Para muitos consumidores com ou sem problemas, ir às compras funciona como ir à farmácia, como estratégia de enfrentamento para regular o humor. Portanto, as diferenças entre um consumidor e um consumidor viciado parecem ser mais quantitativas do que qualitativas.
A obsessão por compras pode ser um problema social
A perda de controle sobre as compras pode ser considerada não apenas um problema individual, mas um sintoma de um problema social. A expressão do consumismo, que se caracteriza pela compra ou acumulação de bens e serviços não essenciais, constitui o objectivo último da economia para garantir um crescimento constante.
As marcas competem para vender mais e os consumidores competem para comprar mais. Segundo o economista Victor Lebow, o consumismo se tornou um estilo de vida. Alguns dos fatores contextuais que contribuem para explicar a crescente perda de controle sobre as compras são:
1) Maior facilidade de compra online e com cartão de crédito. Isso reduz o atraso entre o impulso ou desejo de comprar e a concretização da compra. Atualmente é possível comprar com apenas um clique.
2) Descontos, ofertas e promoções limitadas por tempo ou unidades favorecem a urgência na compra, pois supervalorizamos produtos difíceis de obter e supostamente escassos.
3) Os meios de comunicação de massa e as redes sociais multiplicam as oportunidades de nos compararmos com pessoas fora da nossa esfera de contato e classe social, aumentando assim os nossos desejos.
4) A publicidade favorece compras que supervalorizam bens materiais desnecessários e gera novas necessidades que são satisfeitas através do consumo materialista.
5) A moda favorece o consumo, desvalorizando rapidamente o valor do que se compra e reforçando o desejo de adquirir novos produtos.

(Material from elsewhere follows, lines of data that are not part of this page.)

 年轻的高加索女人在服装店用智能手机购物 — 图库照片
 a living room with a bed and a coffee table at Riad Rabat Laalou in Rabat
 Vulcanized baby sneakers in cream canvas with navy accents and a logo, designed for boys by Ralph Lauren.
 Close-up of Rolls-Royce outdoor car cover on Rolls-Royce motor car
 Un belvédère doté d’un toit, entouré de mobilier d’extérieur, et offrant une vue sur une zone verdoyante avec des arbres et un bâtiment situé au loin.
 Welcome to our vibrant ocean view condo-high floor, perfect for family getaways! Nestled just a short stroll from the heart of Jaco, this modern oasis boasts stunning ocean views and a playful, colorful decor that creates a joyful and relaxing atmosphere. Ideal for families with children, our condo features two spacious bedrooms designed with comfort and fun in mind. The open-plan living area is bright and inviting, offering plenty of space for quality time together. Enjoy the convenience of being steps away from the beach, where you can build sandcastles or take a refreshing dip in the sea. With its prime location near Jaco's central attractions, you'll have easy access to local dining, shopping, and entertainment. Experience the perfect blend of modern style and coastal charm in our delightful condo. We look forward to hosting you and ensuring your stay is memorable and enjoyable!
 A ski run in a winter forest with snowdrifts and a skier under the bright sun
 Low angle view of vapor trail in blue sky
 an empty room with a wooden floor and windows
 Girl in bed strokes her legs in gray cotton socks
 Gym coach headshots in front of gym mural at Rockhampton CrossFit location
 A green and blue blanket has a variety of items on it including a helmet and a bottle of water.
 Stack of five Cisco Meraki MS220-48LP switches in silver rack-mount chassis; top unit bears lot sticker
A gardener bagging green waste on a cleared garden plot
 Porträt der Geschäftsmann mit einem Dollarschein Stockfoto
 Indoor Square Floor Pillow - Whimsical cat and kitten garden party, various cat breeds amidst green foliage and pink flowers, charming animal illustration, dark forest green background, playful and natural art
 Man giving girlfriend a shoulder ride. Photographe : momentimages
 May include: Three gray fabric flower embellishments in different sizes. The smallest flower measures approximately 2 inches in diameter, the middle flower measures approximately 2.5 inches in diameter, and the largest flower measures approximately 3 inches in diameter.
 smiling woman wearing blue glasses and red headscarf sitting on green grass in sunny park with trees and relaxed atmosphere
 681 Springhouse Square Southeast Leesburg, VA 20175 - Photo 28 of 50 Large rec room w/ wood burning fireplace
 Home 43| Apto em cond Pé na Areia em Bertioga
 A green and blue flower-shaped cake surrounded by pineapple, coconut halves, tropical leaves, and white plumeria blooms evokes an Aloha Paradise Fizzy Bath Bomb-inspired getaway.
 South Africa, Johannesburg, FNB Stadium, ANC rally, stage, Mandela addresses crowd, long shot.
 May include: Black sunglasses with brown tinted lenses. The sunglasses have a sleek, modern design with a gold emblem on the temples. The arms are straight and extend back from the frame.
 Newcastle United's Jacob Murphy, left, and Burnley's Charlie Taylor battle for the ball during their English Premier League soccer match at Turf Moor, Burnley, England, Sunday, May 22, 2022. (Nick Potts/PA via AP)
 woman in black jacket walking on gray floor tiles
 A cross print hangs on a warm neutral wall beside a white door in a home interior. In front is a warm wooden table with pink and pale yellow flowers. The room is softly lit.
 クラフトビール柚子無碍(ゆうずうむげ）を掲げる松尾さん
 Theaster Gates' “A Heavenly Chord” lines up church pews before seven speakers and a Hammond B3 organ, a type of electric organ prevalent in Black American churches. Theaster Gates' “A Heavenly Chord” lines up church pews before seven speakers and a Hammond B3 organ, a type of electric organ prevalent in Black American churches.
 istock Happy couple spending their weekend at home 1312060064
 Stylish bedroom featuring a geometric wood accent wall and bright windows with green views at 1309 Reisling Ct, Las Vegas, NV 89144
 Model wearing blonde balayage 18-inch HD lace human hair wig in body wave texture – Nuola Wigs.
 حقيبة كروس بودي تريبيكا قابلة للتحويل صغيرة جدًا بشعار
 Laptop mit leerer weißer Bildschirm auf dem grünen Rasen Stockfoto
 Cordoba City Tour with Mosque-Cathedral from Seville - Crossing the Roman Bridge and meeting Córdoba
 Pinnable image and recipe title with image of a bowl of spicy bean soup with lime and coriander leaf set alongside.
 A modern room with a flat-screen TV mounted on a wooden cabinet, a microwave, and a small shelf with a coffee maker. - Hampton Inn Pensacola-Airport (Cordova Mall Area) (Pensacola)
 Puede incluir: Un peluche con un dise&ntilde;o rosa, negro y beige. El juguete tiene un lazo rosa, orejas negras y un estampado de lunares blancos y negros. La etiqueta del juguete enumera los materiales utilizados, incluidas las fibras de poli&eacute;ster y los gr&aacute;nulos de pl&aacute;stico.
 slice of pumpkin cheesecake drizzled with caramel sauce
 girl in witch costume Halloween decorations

6) O narcisismo converte o consumo compulsivo num ritual de auto-indulgência que visa satisfazer os nossos egos.
7) Os hábitos de consumo são indicadores do nosso status, aceitação e prestígio social. As compras constituem um meio para manter e alcançar o status desejado. Mesmo que isso signifique poupar menos ou endividar-se, porque a impossibilidade de consumir afetaria a nossa estima e reconhecimento social.
Isto é importante porque, paradoxalmente, o consumo é incentivado num contexto de poder de compra cada vez mais desigual: oito pessoas ganham mais de metade da população mundial.
Além disso, os custos decorrentes da maximização das margens de lucro — produzir mais, mais rapidamente e mais barato — estão a tornar-se cada vez mais evidentes, tanto em termos de condições de trabalho precárias como em termos de grave deterioração ambiental.
Assim, embora os níveis de consumo tenham atingido níveis recordes após a pandemia, os problemas de saúde mental também registam números recordes.
Compras em uma sociedade de consumo
O sucesso da Black Friday é um símbolo do sucesso do consumismo como modo de vida na sociedade atual, onde consumimos, substituímos e descartamos a um ritmo cada vez maior e, portanto, insustentável.
O caráter irracional e compulsivo das compras, especialmente durante a Black Friday, seria o resultado esperado dentro do contexto disfuncional da nossa sociedade de consumo, enquanto um diagnóstico simplesmente rotula esse padrão de consumo irracional sem explicar por que ele ocorre.
Como consequência, a redução das taxas de compra compulsiva não pode se limitar ao diagnóstico e tratamento de casos individuais, mas também atua sobre os determinantes sociais do consumo. Não apenas adotando hábitos de consumo éticos, socialmente responsáveis e sustentáveis, mas também padrões de produção que vão além da busca pela maximização dos lucros das empresas privadas.
Precisamos de cidadãos mais informados e participativos na tomada de decisões que os afetam e de menos consumidores passivos, vulneráveis às estratégias de marketing e sem controlo sobre o que, quanto e como consomem e produzem.
*Pablo Ruisoto é professor de Psicologia na Universidade de Navarra
Este artigo foi publicado originalmente no site de notícias acadêmicas A conversa e republicado aqui sob licença Creative Commons. Ler aqui a versão original (em espanhol).
Este relatório foi publicado originalmente em 24 de novembro de 2021.